**DATA PROVIDED:**
== Segment start ==

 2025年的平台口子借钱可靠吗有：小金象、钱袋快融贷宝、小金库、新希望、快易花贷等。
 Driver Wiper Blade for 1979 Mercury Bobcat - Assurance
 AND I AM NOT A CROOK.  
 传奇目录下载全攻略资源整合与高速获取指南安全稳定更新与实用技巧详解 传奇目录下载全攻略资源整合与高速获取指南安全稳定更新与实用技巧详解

== Segment end ==
== Segment start ==

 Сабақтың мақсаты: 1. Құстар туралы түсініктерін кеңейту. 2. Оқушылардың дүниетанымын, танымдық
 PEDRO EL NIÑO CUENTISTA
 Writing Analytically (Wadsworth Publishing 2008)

== Segment end ==

**WORK TO BE COMPLETED:**
All lines above from the one containing "PEDRO EL NIÑO CUENTISTA" to the one containing "Writing Analytically (Wadsworth" must be repeated exactly, both lines included, and no others.

**OUTPUT OF THE EXERCISE:**
 PEDRO EL NIÑO CUENTISTA
 Writing Analytically (Wadsworth Publishing 2008)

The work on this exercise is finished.